EvolvingSpace: A Data Centric Framework for Integrating Bioinformatics Applications

  • Authors:
  • Chen Wang;Bing Bing Zhou;Albert Y. Zomaya

  • Affiliations:
  • CSIRO ICT Center, Australia;The University of Sydney, Sydney;The University of Sydney, Sydney

  • Venue:
  • IEEE Transactions on Computers
  • Year:
  • 2010

Quantified Score

Hi-index 14.98

Visualization

Abstract

The paper presents EvolvingSpace, a data centric distributed system, which is intended to address the data and application integration problem in bioinformatics data centers. The system employs commodity PCs for data storage and computation.

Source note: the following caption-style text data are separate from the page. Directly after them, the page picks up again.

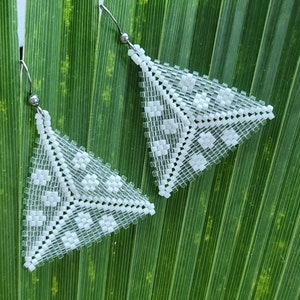 Pode incluir: Um par de brincos triangulares brancos com contas e um padrão geométrico. Os brincos são suspensos por ganchos prateados e são colocados sobre um fundo de folhas verdes. Os brincos são feitos de pequenas contas quadradas.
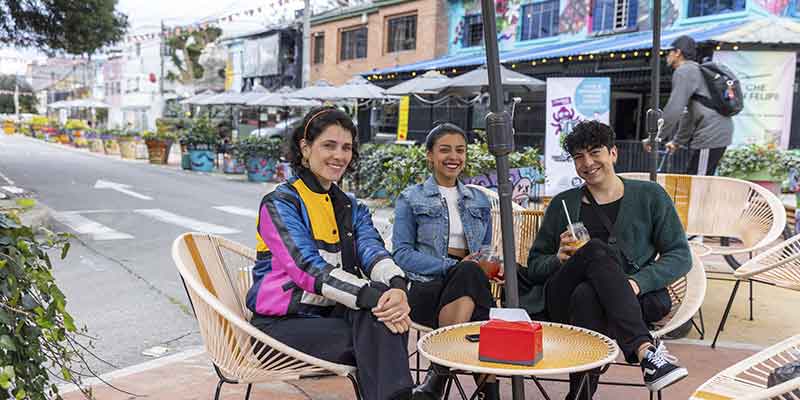 Distrito San Felipe, personas departiendo, tomando sentados en sillas de mimbre. Detras se ven las fachadas de varios negocios comerciales.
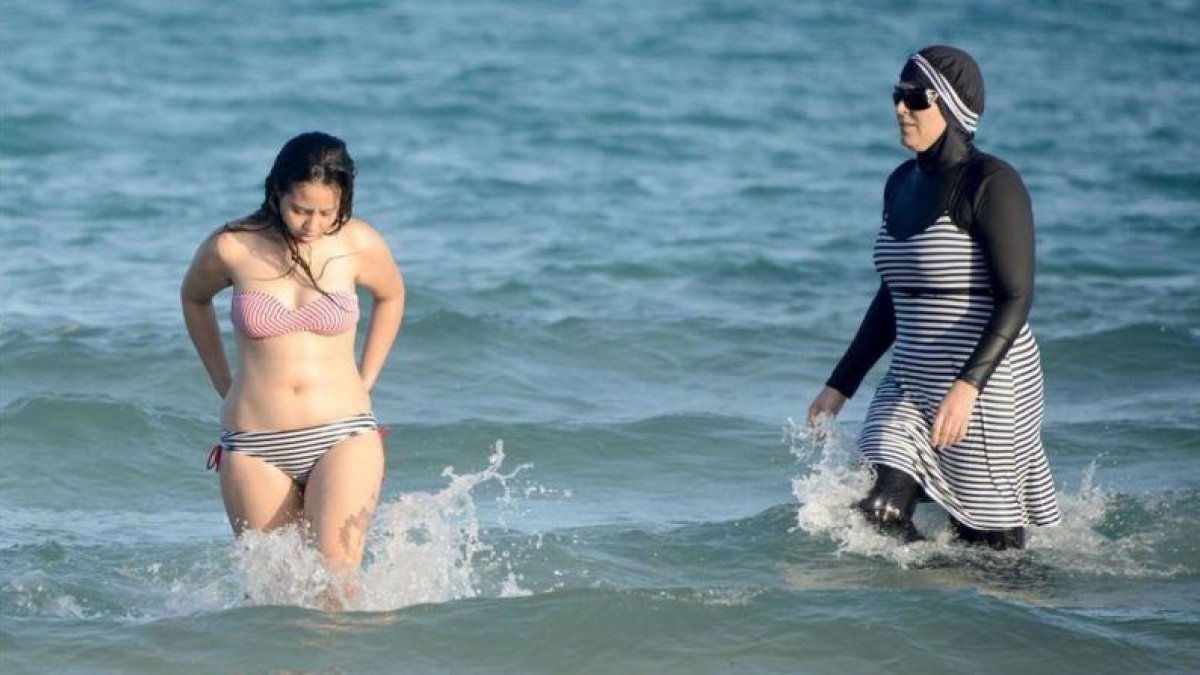 Una mujer con biquini y otra con 'burkini' en la playa tunecina de Ghar El Melh.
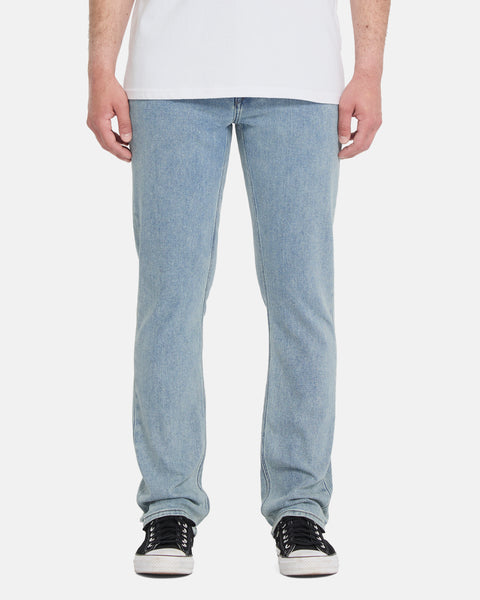 A person wearing Volcom Men's Vorta Denim Pants in light blue straight-leg style, paired with a white shirt and black sneakers, stands facing forward against a plain white background.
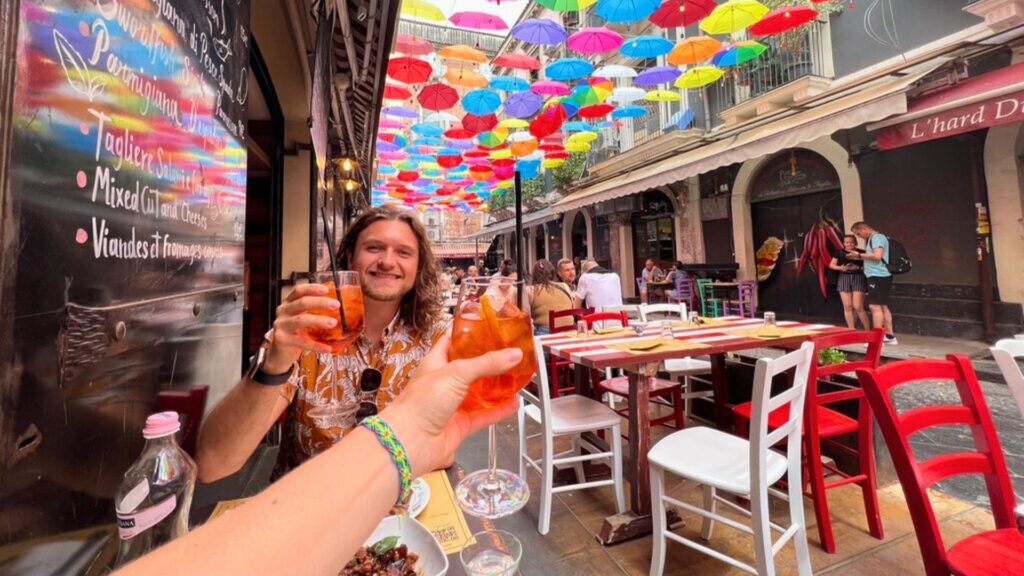 Cheers with two Aperol Spritz in Catania, Sicily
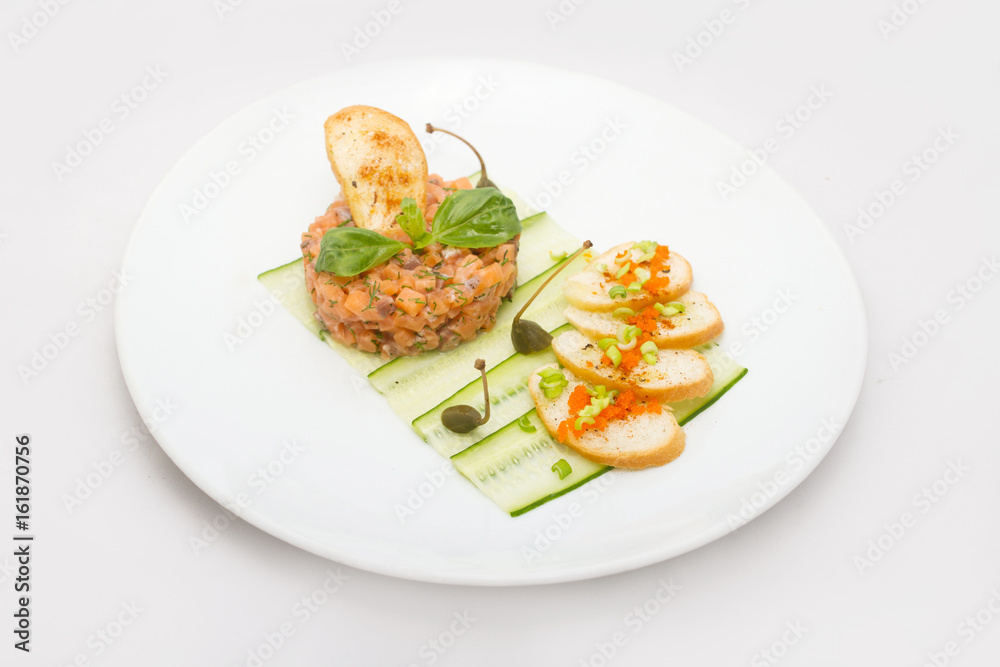 Salmon tartare on a white plate with green leaves Salmon tartare on a white plate with green leaves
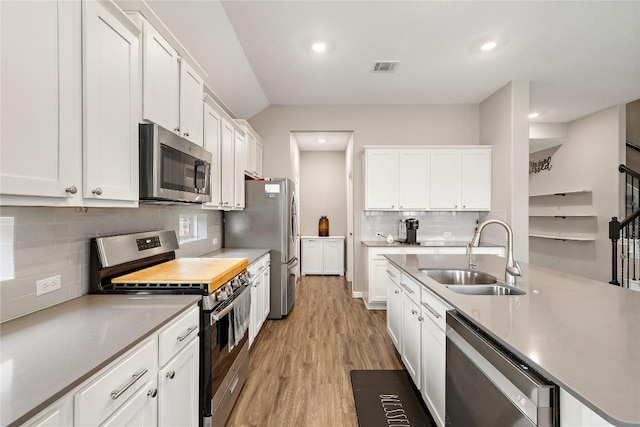 kitchen featuring white cabinetry, appliances with stainless steel finishes, and sink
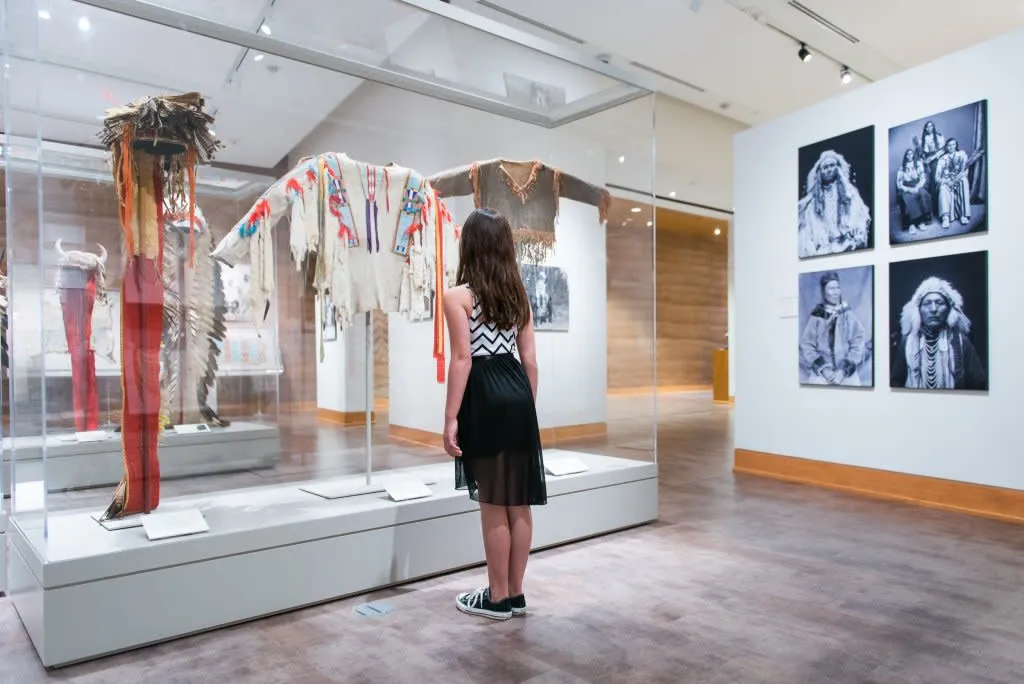 Woman viewing exhibits of Native American clothing and photos at The Brinton Museum - Cultural Things To See And Do In Wyoming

EvolvingSpace manages data in a decentralized manner, which is convenient for storing data annotations and can eliminate potential data-access bottlenecks. It indexes distributed data in multilevels to facilitate the construction of complex workflows that consist of applications running on different types of data. In addition, the paper proposes a data locality and workflow aware scheduling algorithm (ES-Scheduling) to balance the data distribution and computing performance as well as throughput and workflow response time. We run extensive experiments using the system with real bioinformatics applications. Our results show that the system is efficient for running integrated bioinformatics applications and has good scalability.